I cancelli sono stati chiusi nel giro di poche ore. Porte sbarrate e lavoratori «messi in libertà», liberi anche da qualsiasi straccio di tutela. I 256 dipendenti dello stabilimento Riva Acciaio di Lesegno, piccolo borgo in provincia di Cuneo, sono in presidio da giovedì davanti alla loro fabbrica, dopo la decisione della famiglia lombarda di cessare ogni attività del gruppo Riva Forni Elettrici, in seguito al sequestro di beni e conti correnti da parte della magistratura tarantina.
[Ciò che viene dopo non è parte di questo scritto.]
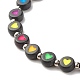 Плоский круглый эластичный браслет с сердцем из бисера для женщин BJEW-JB07552-04-5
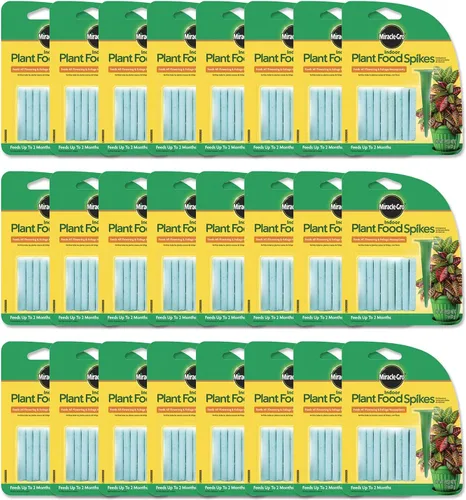Miracle-Gro Picos para alimentos para plantas de interior, fertilizantes para plantas, 1.1 onzas, 24 pinchos/paquete (paquete de 24)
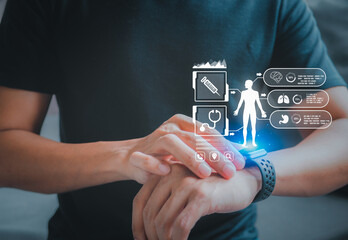 Concept of The technology to check health with smart watch. Futuristic smart watch technology male looking at watch checking health. holographic icon user interface.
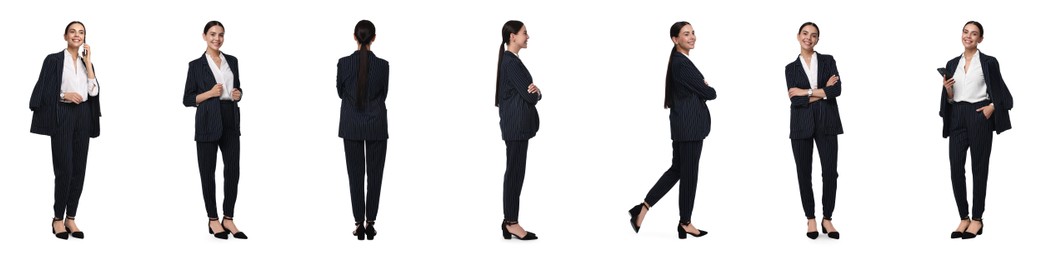 Image of Beautiful businesswoman in suit on white background, collage of portraits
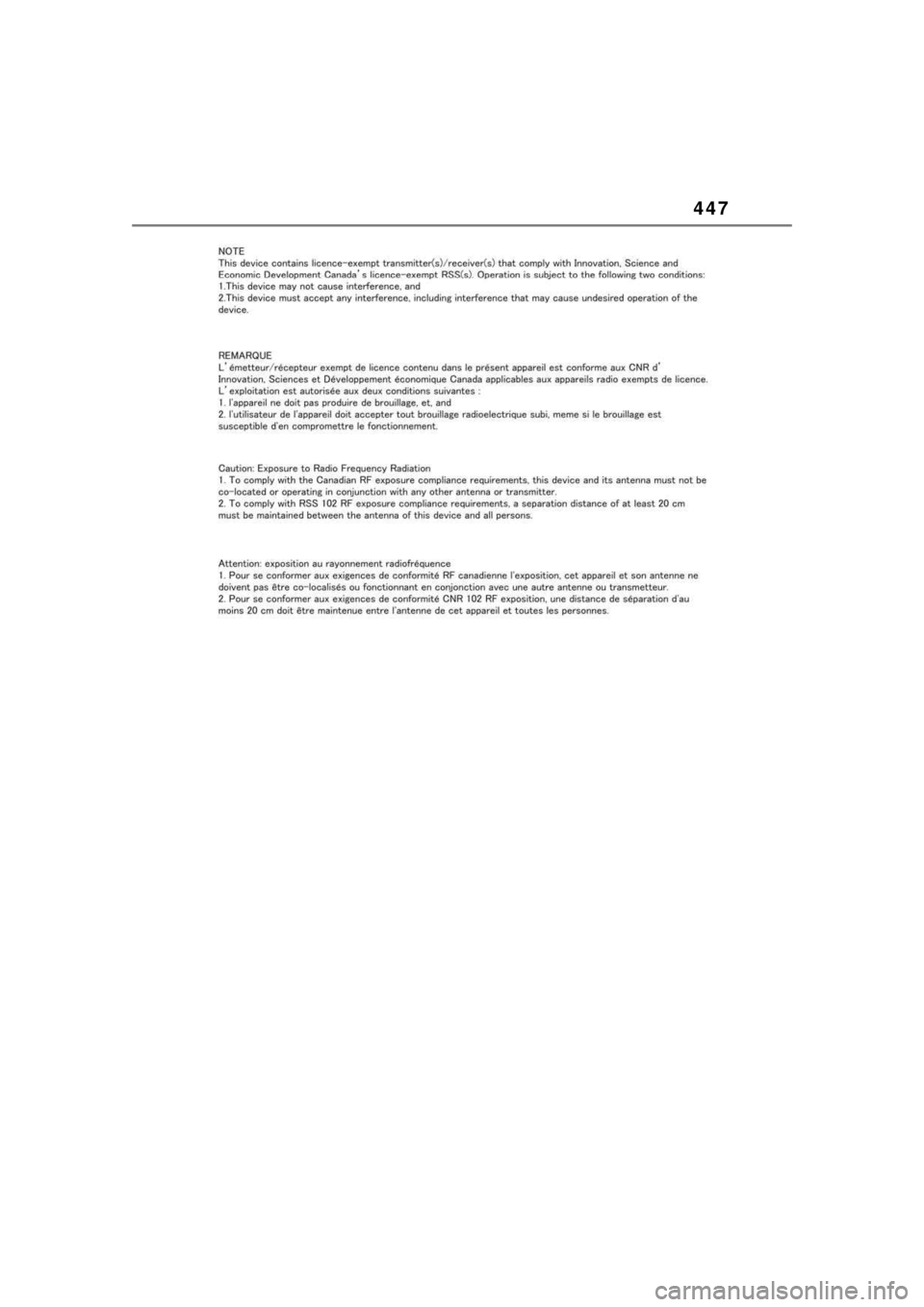 TOYOTA 86 2023  Owners Manual 447 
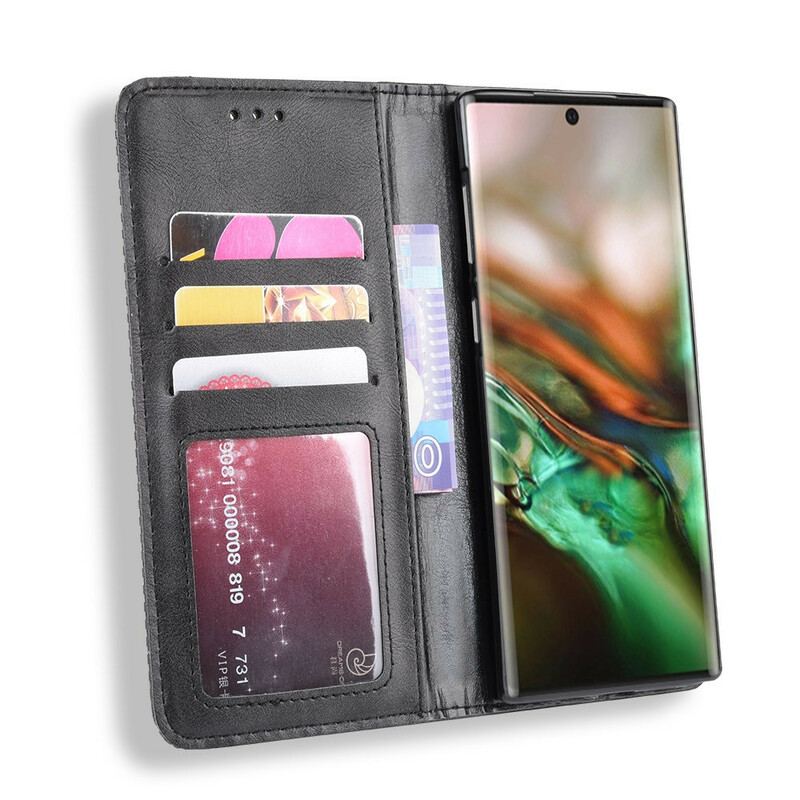 Capa De Celular Para Samsung Galaxy Note 10 Flip Efeito Couro Vintage Estilizado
All’interno della fabbrica di Lesegno si producono barre e billette di acciaio, che vengono impiegate soprattutto nella realizzazione di macchine agricole. «Qui dentro ci sono 30 mila tonnellate di materiale ordinato da clienti e in produzione. A causa di questo blocco, oltre a non avere nessuna garanzia per i reddito dei lavoratori, si rischiano di perdere i tanti acquirenti» spiega Corrado Denaro, Fiom Cuneo. Primo cliente è la Caterpillar. Ma le ripercussioni potrebbero estendersi a un’area molto più ampia di imprese che operano in Piemonte, 12-13 mila aziende che trasformano acciaio, dalla metallurgia alla meccanica strumentale.

«Non possiamo diventare vittime di una rappresaglia» dicono a denti stretti i lavoratori. Venerdì ai cancelli è arrivato il segretario generale delle tute blu Cgil, Maurizio Landini, accolto da un’ovazione: «Il governo convochi un tavolo e avvii il commissariamento, al fine di garantire occupazione e continuità produttiva». Il ricorso alla cassa integrazione per i 256 sembra possibile, anche l’azienda, nonostante scarichi le responsabilità sulla magistratura, si è detta pronta a collaborare con tutte le istituzioni per ricercare le migliori soluzioni. «La cassa è importante – precisa Landini – ma non sufficiente. Il vero problema è far lavorare gli operai, la questione è la ripresa produttiva».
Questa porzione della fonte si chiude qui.